Policy Study

Massachusetts Ranks 46th in the Nation in Highway Performance and Cost-Effectiveness

Massachusetts’ best rankings are in overall fatality rate, rural fatality rate and urban fatality rate.

Massachusetts’ highway system ranks 46th in the nation in overall cost-effectiveness and condition, according to the Annual Highway Report by Reason Foundation. This is a two-spot decrease from the previous report, where Massachusetts ranked 44th overall.

In safety and performance categories, Massachusetts ranks 1st in overall fatality rate, 30th in structurally deficient bridges, 46th in traffic congestion, 31st in urban Interstate pavement condition and 37th in rural Interstate pavement condition.

On spending, Massachusetts ranks 48th in total spending per mile and 45th in capital and bridge costs per mile.

“To improve in the rankings, Massachusetts needs to reduce its disbursements, improve its arterial pavement condition and reduce its traffic congestion. The state is in the bottom 10 for all four disbursements metrics, and the bottom five for arterial pavement condition and traffic congestion. Compared to neighboring states, the report finds Massachusetts’ overall highway performance is better than Rhode Island (ranks 48th), but worse than Connecticut (ranks 44th) and Vermont (ranks 19th),” said Baruch Feigenbaum, lead author of the Annual Highway Report and assistant director of transportation at Reason Foundation. “Massachusetts is doing better than some comparable states such as New Jersey (ranks 50th), but worse than others like Maryland (ranks 39th).”

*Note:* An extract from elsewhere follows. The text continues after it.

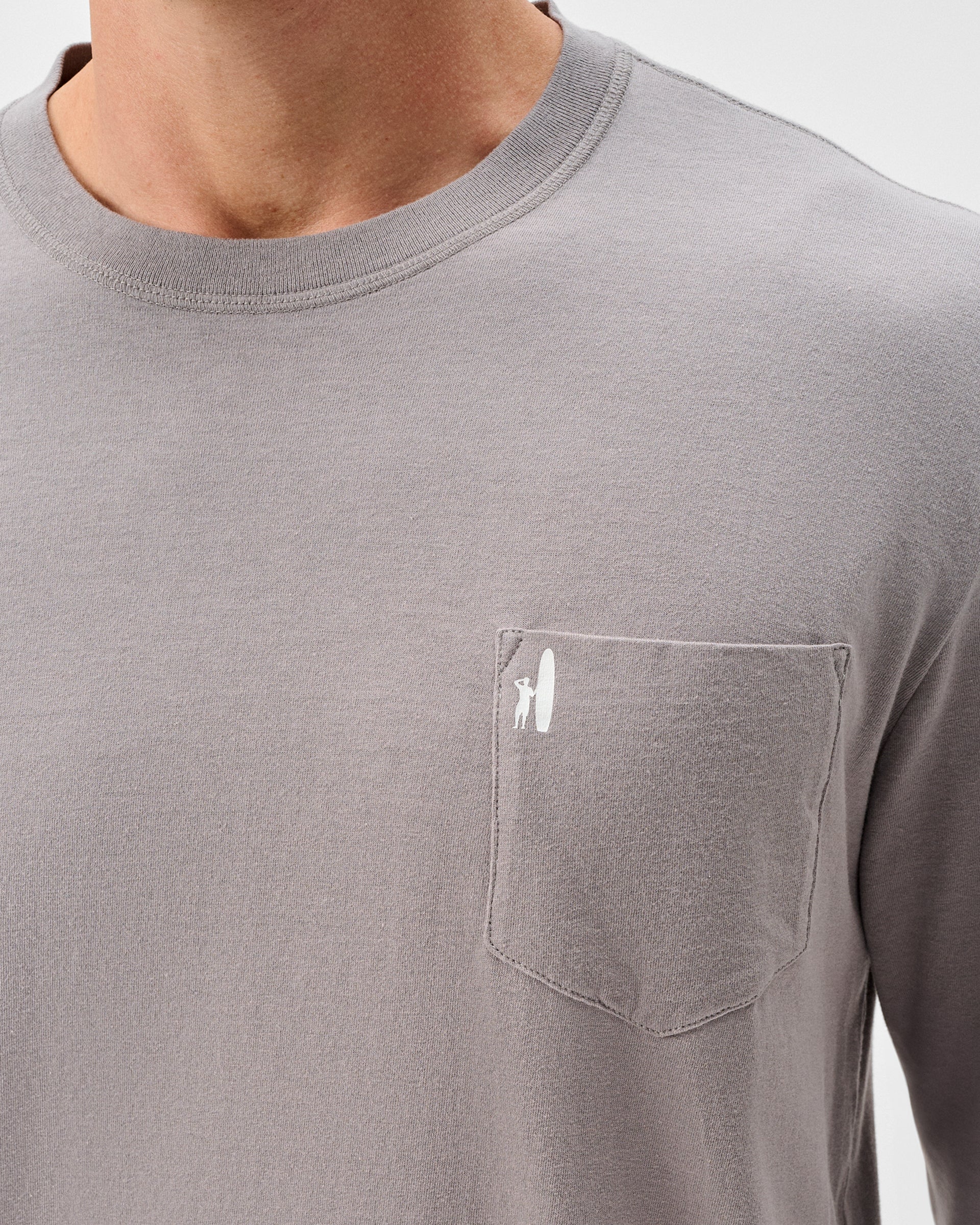Long Sleeve Pocket T-Shirt - Santa Monica - Image 2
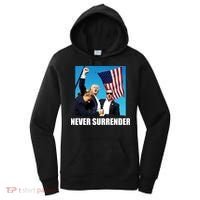 Never Surrender 2024 Take America Back Pennsylvania Rally Shooting Women's Hoodie thumb 0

Massachusetts’ best rankings are in overall fatality rate (1st) and rural fatality rate (1st).

Massachusetts’ worst rankings are in total disbursements per mile (48th) and its urban arterial pavement condition (48th).

Massachusetts’ state-controlled highway mileage makes it the 46th largest highway system in the country.

Reason Foundation’s Annual Highway Report measures the condition and cost-effectiveness of state-controlled highways in 13 categories, including pavement condition, traffic congestion, structurally deficient bridges, traffic fatalities, and spending (capital, maintenance, administrative, overall) per mile.

The Annual Highway Report is based on spending and performance data submitted by state highway agencies to the federal government for 2016 as well as urban congestion data from INRIX and bridge condition data from the Better Roads inventory for 2017. For more details on the calculation of each of the 13 performance measures used in the report, as well as the overall performance measure, please refer to the appendix in the main report. The report’s dataset includes Interstate, federal and state roads but not county or local roads. All rankings are based on performance measures that are ratios rather than absolute values: the financial measures are disbursements per mile, the fatality rate is fatalities per 100 million vehicle-miles of travel, the urban congestion measure is the annual delay per auto commuter, and the others are percentages. For example, the state ranking 1st in structurally deficient bridges has the smallest percentage of structurally deficient bridges, not the smallest number of structurally deficient bridges.